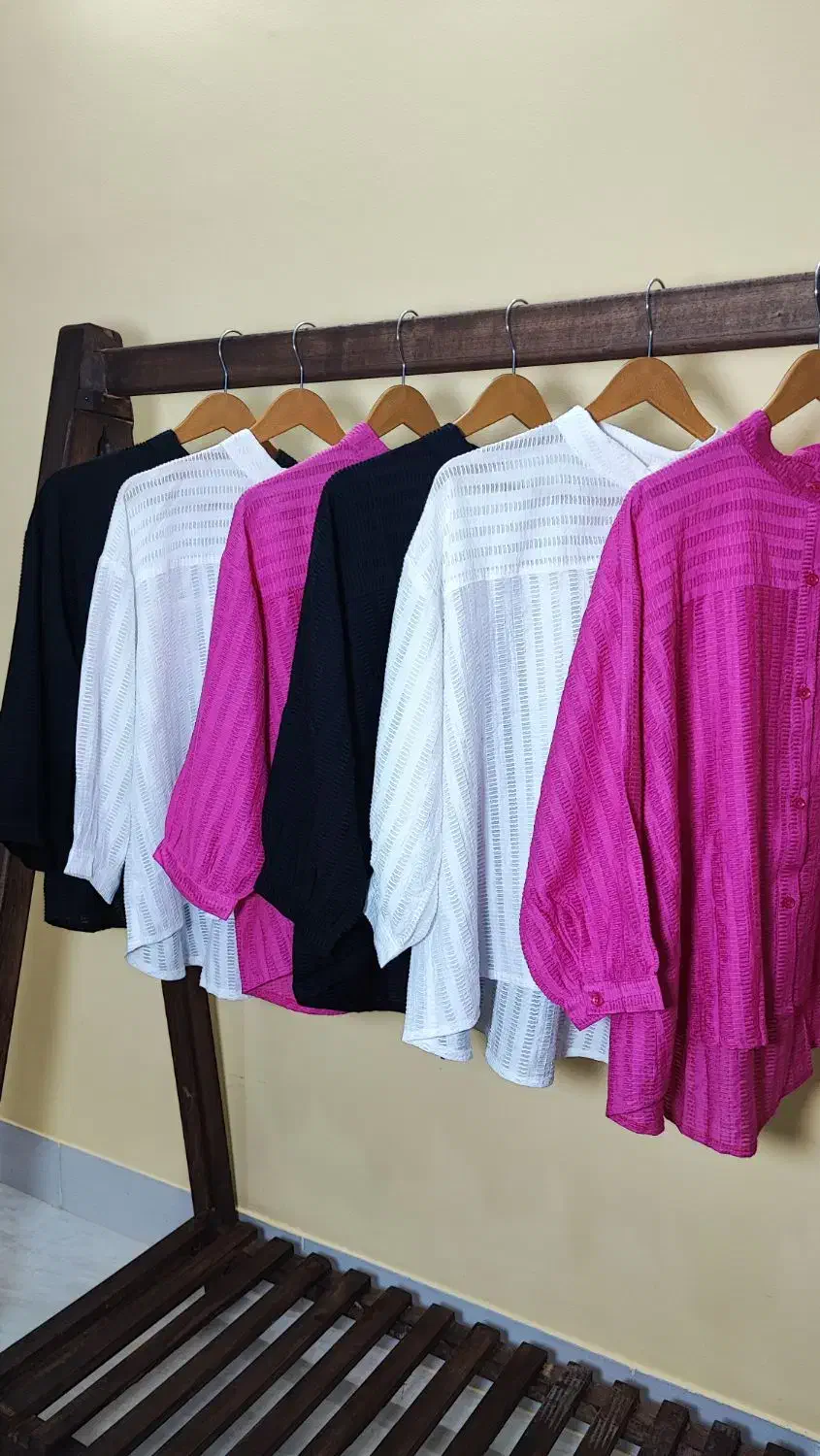 شومیز دورساچه|لباس|شاهرود, |دیوار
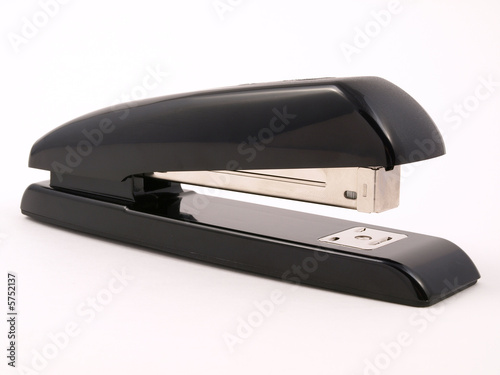 Stapler Side View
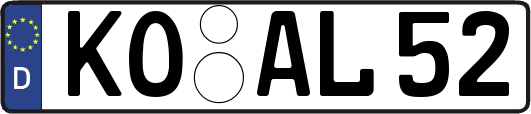 KO-AL52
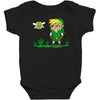 navi Baby Bodysuit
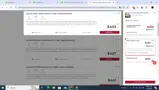 BAR24 coupon verification screenshot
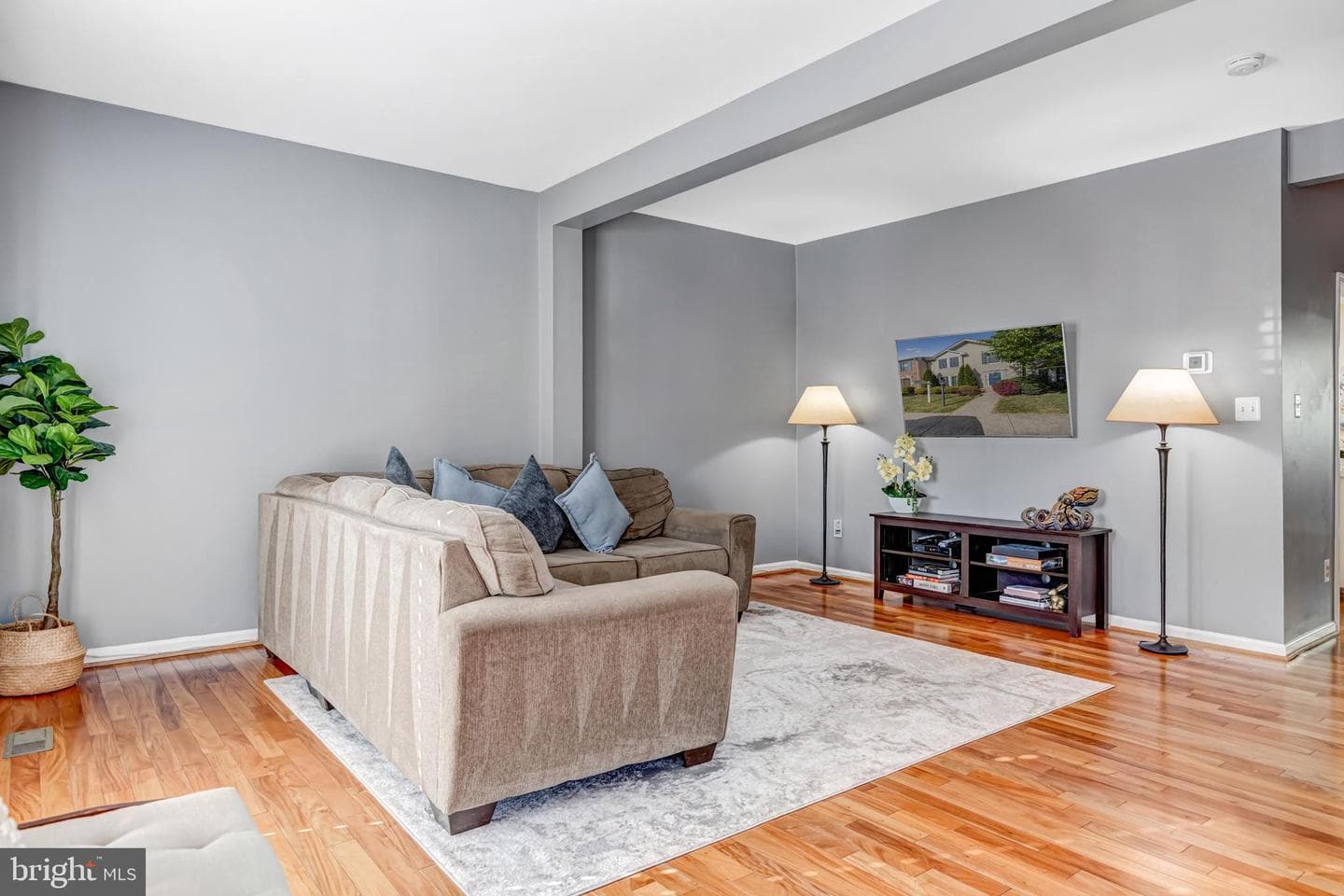 6526 Parish Glebe Lane photo 2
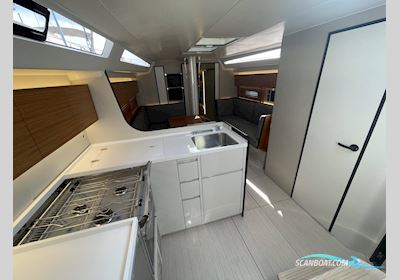 Italia 12.98 Bellisima Segelbåt 2023, med Volvo Penta D2-50 motor, Danmark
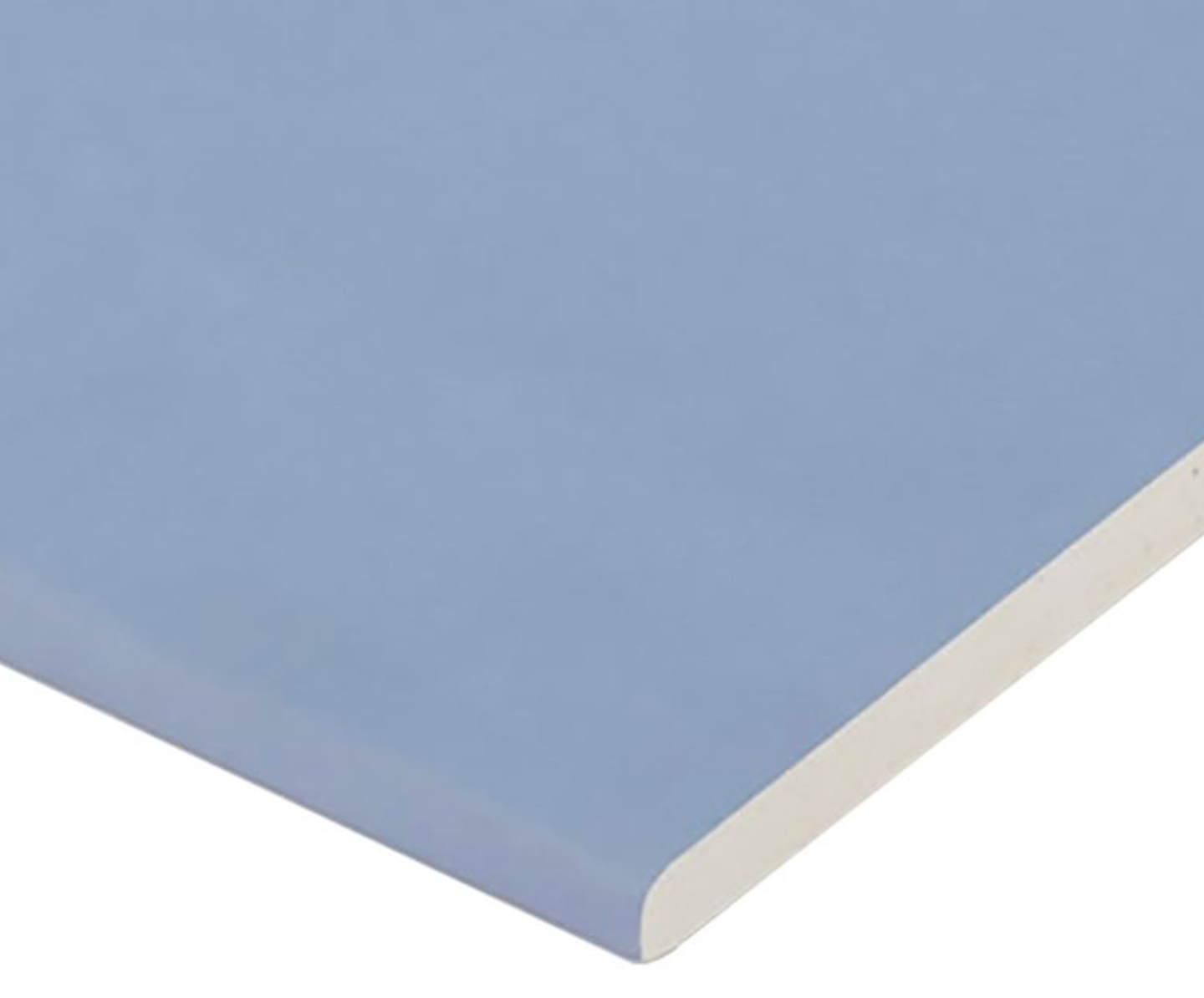 15mm Gyproc Soundbloc Plasterboard - Tapered Edge 2400mm x 1200mm - High Acoustic Performance for Noise Reduction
=-=-=-=-=
→ What is needed: In your copy, repeat the records above exactly and include no images.

→ Solution to this task:
 شومیز دورساچه|لباس|شاهرود, |دیوار
 Stapler Side View
 KO-AL52
 navi Baby Bodysuit
 BAR24 coupon verification screenshot
 6526 Parish Glebe Lane photo 2
 Italia 12.98 Bellisima Segelbåt 2023, med Volvo Penta D2-50 motor, Danmark
 15mm Gyproc Soundbloc Plasterboard - Tapered Edge 2400mm x 1200mm - High Acoustic Performance for Noise Reduction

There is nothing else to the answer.